Research

Reduce Reliance Industries - No surprises as expected - Elara Capital



Posted On : 2010-11-04 22:28:23( TIMEZONE : IST )

Reduce Reliance Industries - No surprises as expected - Elara Capital

  • Reliance Industries
  • Rating : Reduce
  • Target Price : INR1,075
  • Downside : 2%
  • CMP : INR1,096 (as on 29 October 2010)
No surprises as expected; Reduce

Flat QoQ earnings; Better GRMs offset by Panna Mukta shutdown

RIL reported its Q2FY11 results in-line with our estimates with net revenue coming in at INR575bn vs our estimate of INR590bn while the PAT was INR49.2bn as against our estimate of INR48.8bn. There was no major surprise in earnings from any business segments as the results proved to be marginally a non-event (Street expectations were also in a similar range). RIL reported GRMs of USD7.9/bbl (our estimate was USD7.8-8.0/bbl), up from USD7.3/bbl in Q1 driven by better middle distillates yields. The E&P earnings were impacted on a QoQ basis due to the Panna/Mukta fields being shut down for two months. Petchem margins declined QoQ marginally to 14.6% from 14.8% in-line with our estimates due to the slight weakness in product pricing.

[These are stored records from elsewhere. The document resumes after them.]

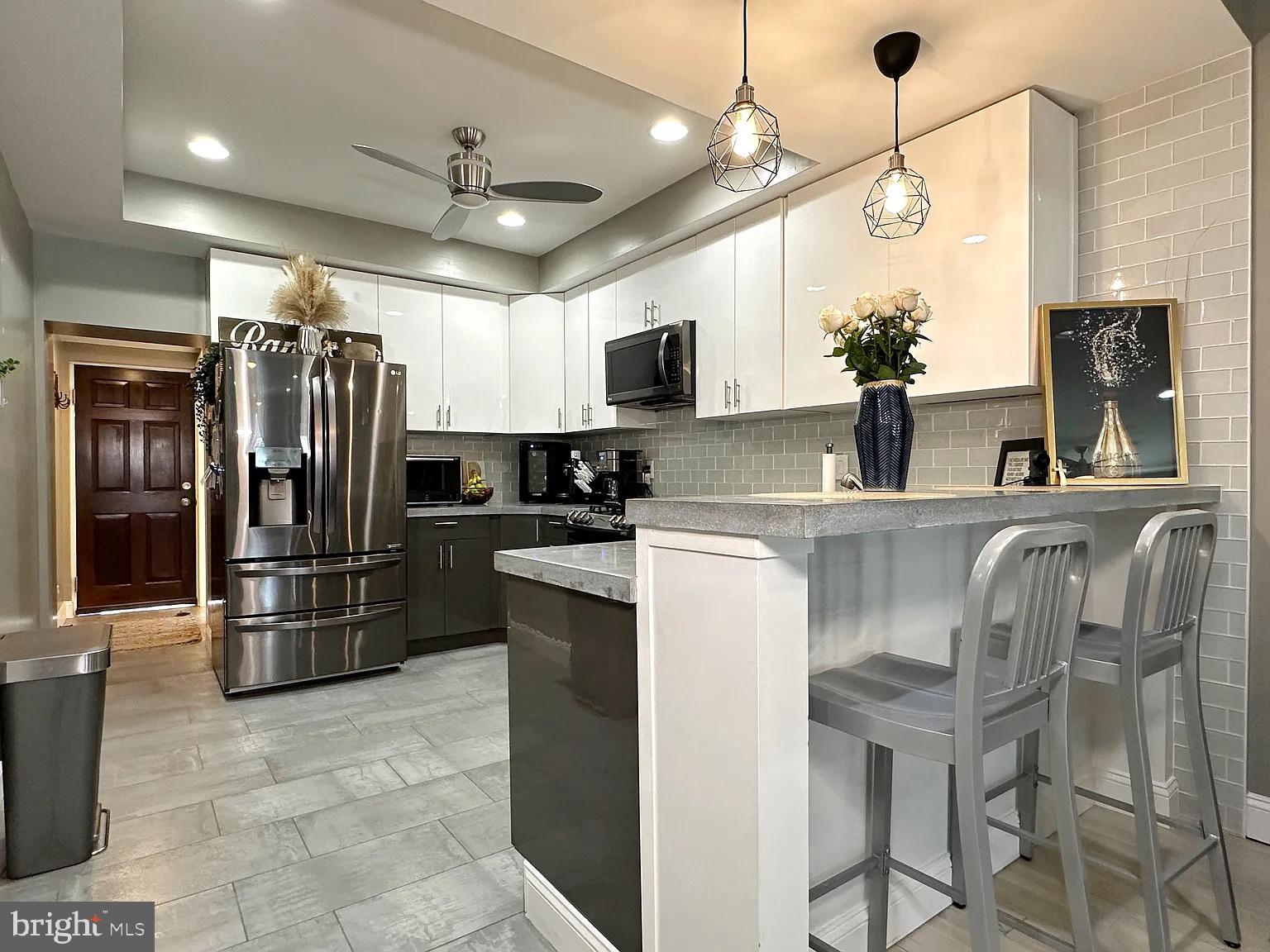 2605 South 17th Street Philadelphia, PA 19145 - Photo 5 of 30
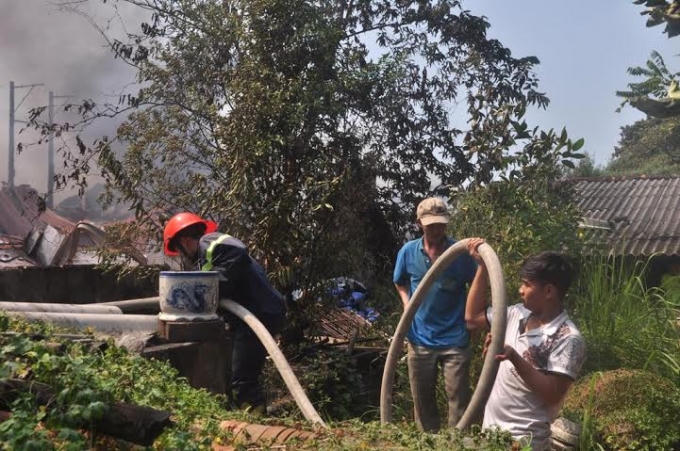 Lấy nước đưa vào tiếp cận bên trong căn nhà.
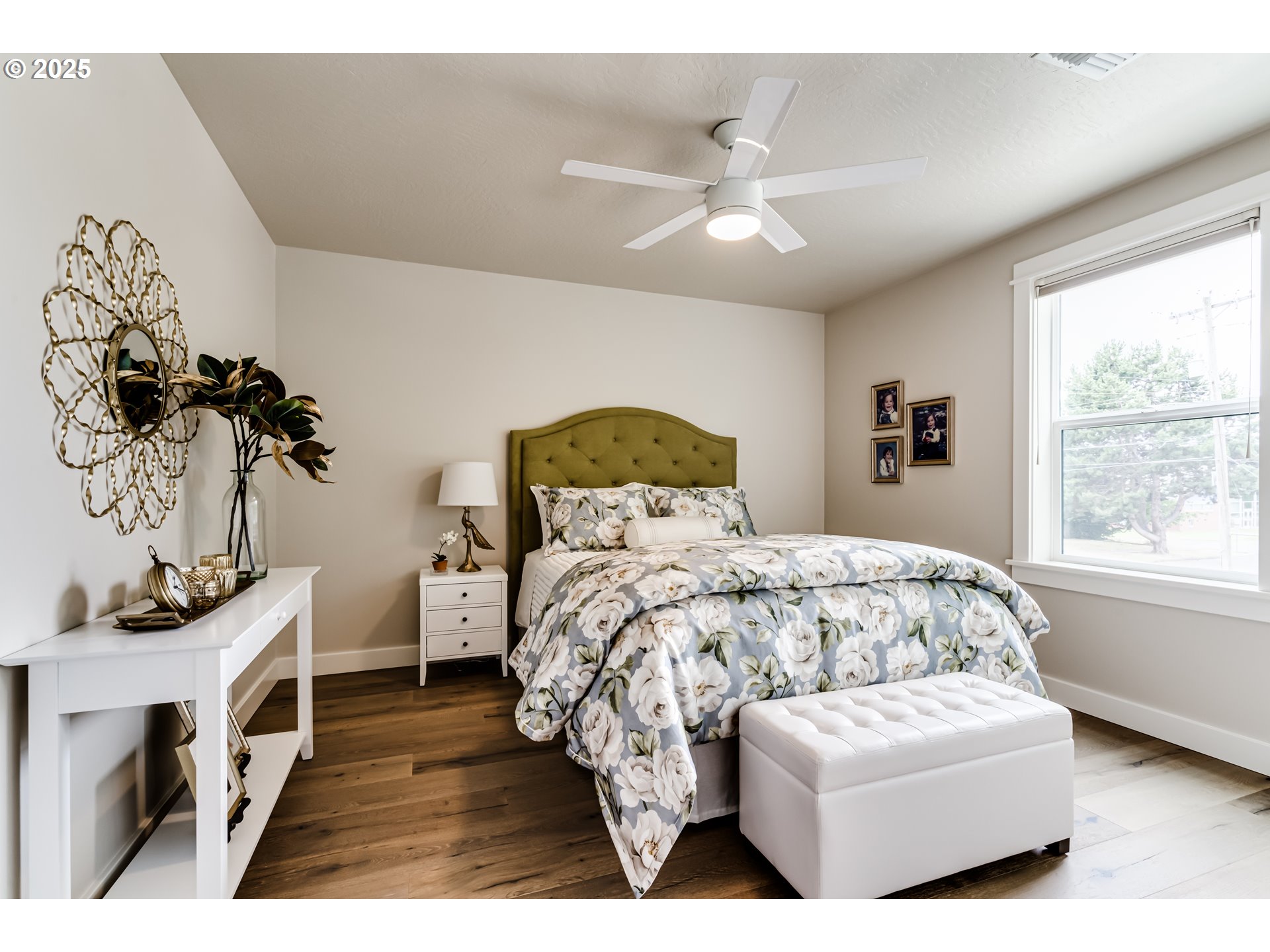 1489 Taylor Street Eugene, OR 97402 - Photo 38 of 47 a bedroom with a large bed and a window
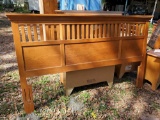 Nice Oak Finish Wood Headboard, open slat, with king metal frame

Earnings outlook sluggish for next 2-3 quarters

With the KGD6 ramp-up to 80mmscmd pushed out to H2FY12 yet remaining uncertain, GRMs remains the biggest variable to RIL's earnings. With Q3FY11 refining earnings already expected to be weak due to the month-long planned shutdown for 20% of RIL's capacity, we do not expect any big surprise in the subsequent two quarters as well. The US and European refiners have been curtailing their throughputs in the last two quarters to maintain margins as the driving season has been unable to drive up the expected demand growth. Similarly, Asian refining outlook also remains subdued due to slight oversupply issues. Petchem and E&P earnings are also expected to be flattish over the next 2-3 quarters. To sum up, we do not see any significant earnings trigger unless the refining cycle reverses.

Maintain Reduce; expect the stock to move sideways

RIL shares have outperformed the Sensex by 11% during the last month expecting a positive corporate announcement, wherein some buying has been seen from investors who went underweight on the stock after Q1. However, with no big announcement coming in, and earnings sluggishness spilling over the next 2-3 quarters, we expect the stock to perform sideways in the medium term. We maintain our Reduce rating and our SoTP-based TP of INR1,075 on RIL.